[Start of section]
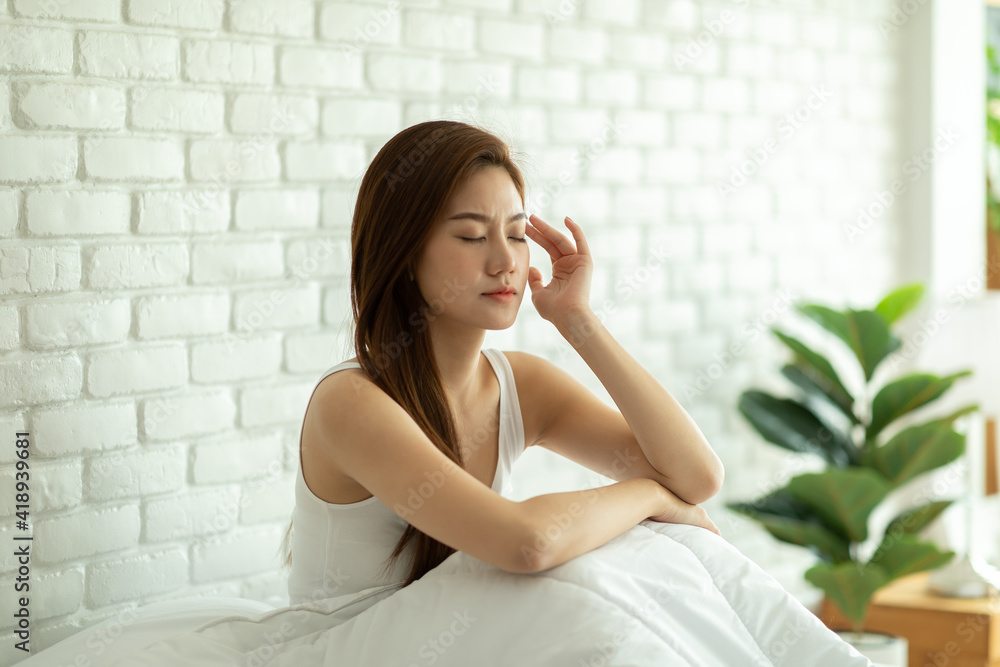 Asian young Woman has a Migraine and headache after wake up in the morning,Healthcare Concept Asian young Woman has a Migraine and headache after wake up in the morning,Healthcare Concept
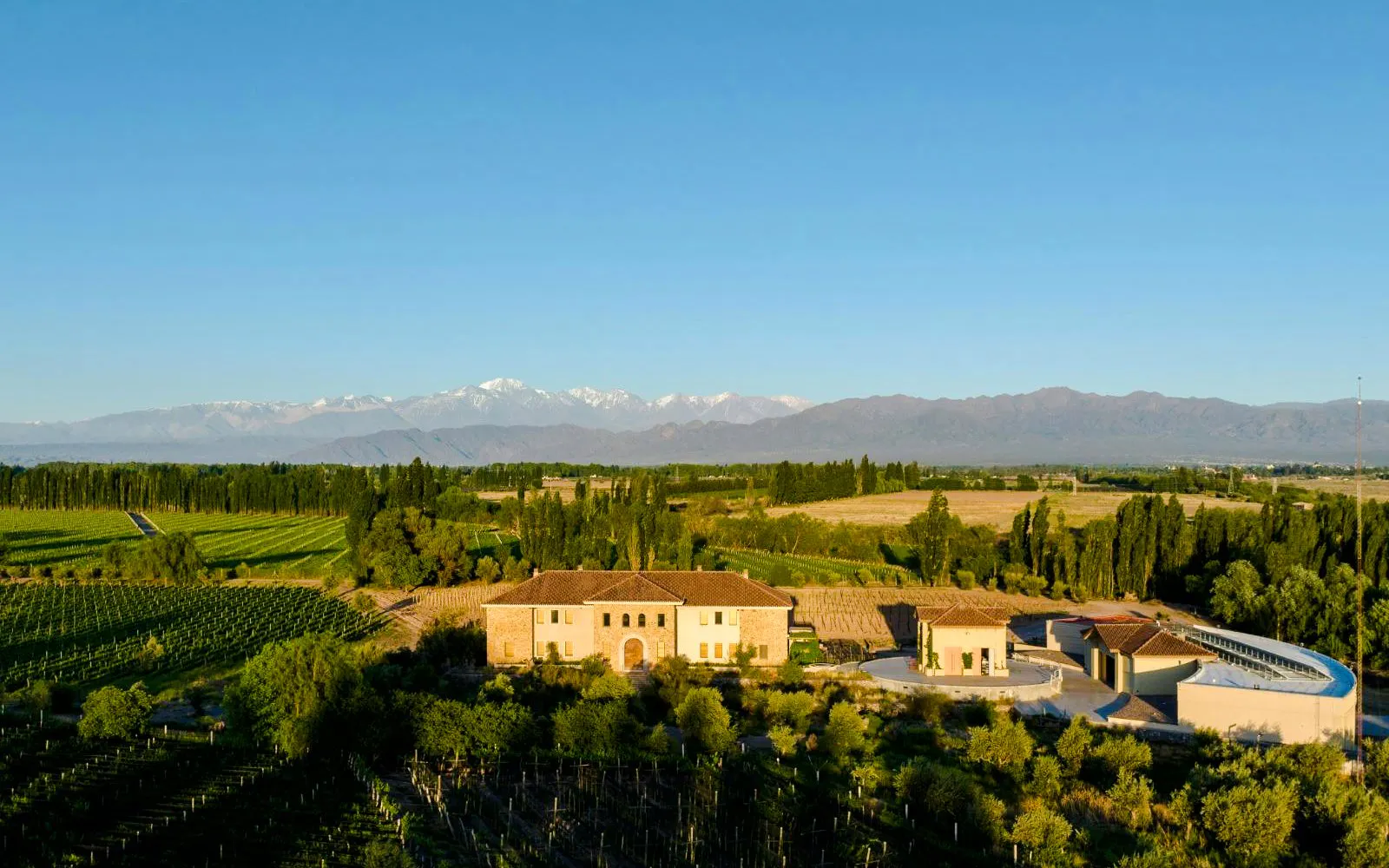 Bodega Krontiras winery in Mendoza, Argentina, surrounded by vineyards with Andes mountains in the background.
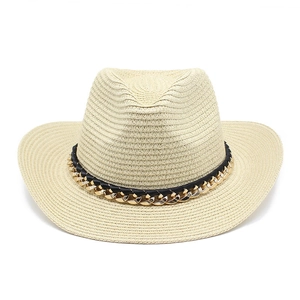 Detalle de sombrero Panamá de paja con cinta negra y decoración de cadena dorada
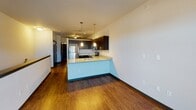 Located at 17589–17609 Dodd Blvd in Lakeville, MN, this single-floor unit offers a thoughtfully designed open-concept layout that seamlessly connects the kitchen and living areas. The kitchen is a standout feature, showcasing dark espresso cabinetry, granite countertops, and a full suite of stainless steel appliances including a refrigerator, electric range, microwave, and dishwasher. Pendant lighting hangs above the peninsula, adding a modern accent while providing functional task lighting. Rich hardwood-style flooring runs throughout the main living spaces, creating a warm and cohesive aesthetic. The open living area benefits from natural light streaming through a multi-pane window, complemented by a ceiling fan overhead. A half-wall peninsula defines the boundary between the kitchen and living space, offering additional seating or prep space. The bathroom continues the unit's consistent design language, featuring a granite-topped vanity with dark cabinetry, a dual-sink layout, and a large mirror with overhead lighting. An adjacent walk-in closet provides ample storage. Clean white walls and modern finishes throughout give the space a fresh, contemporary feel well-suited for everyday living in Lakeville.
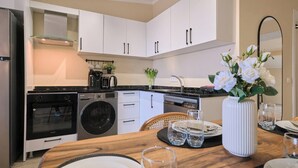 Een moderne keuken met witte kasten, een ingebouwde oven, een wasmachine en een eethoek met een houten tafel en stoelen.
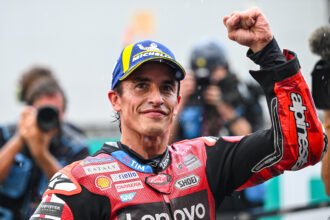 Marc Marquez mengangkat tinju sambil mengenakan topi Michelin dan baju balap Ducati usai Sprint Sepang.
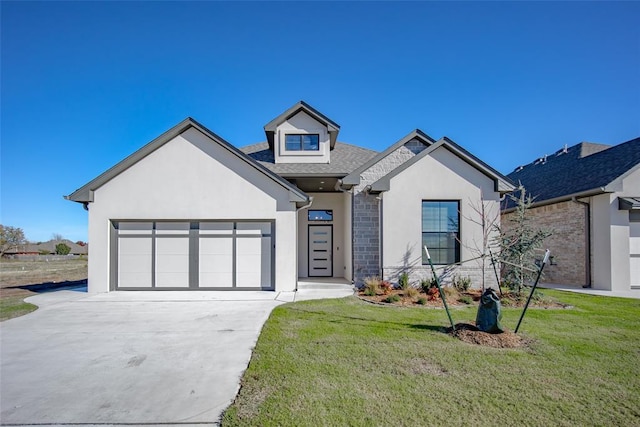 view of front of home with a front lawn and a garage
[End of section]
Beginning with the line where "Bodega Krontiras winery" appears, transcribe the records above word for word through their last line, and include no pictures.

__Solution for this problem__
 Bodega Krontiras winery in Mendoza, Argentina, surrounded by vineyards with Andes mountains in the background.
 Detalle de sombrero Panamá de paja con cinta negra y decoración de cadena dorada
 Located at 17589–17609 Dodd Blvd in Lakeville, MN, this single-floor unit offers a thoughtfully designed open-concept layout that seamlessly connects the kitchen and living areas. The kitchen is a standout feature, showcasing dark espresso cabinetry, granite countertops, and a full suite of stainless steel appliances including a refrigerator, electric range, microwave, and dishwasher. Pendant lighting hangs above the peninsula, adding a modern accent while providing functional task lighting. Rich hardwood-style flooring runs throughout the main living spaces, creating a warm and cohesive aesthetic. The open living area benefits from natural light streaming through a multi-pane window, complemented by a ceiling fan overhead. A half-wall peninsula defines the boundary between the kitchen and living space, offering additional seating or prep space. The bathroom continues the unit's consistent design language, featuring a granite-topped vanity with dark cabinetry, a dual-sink layout, and a large mirror with overhead lighting. An adjacent walk-in closet provides ample storage. Clean white walls and modern finishes throughout give the space a fresh, contemporary feel well-suited for everyday living in Lakeville.
 Een moderne keuken met witte kasten, een ingebouwde oven, een wasmachine en een eethoek met een houten tafel en stoelen.
 Marc Marquez mengangkat tinju sambil mengenakan topi Michelin dan baju balap Ducati usai Sprint Sepang.
 view of front of home with a front lawn and a garage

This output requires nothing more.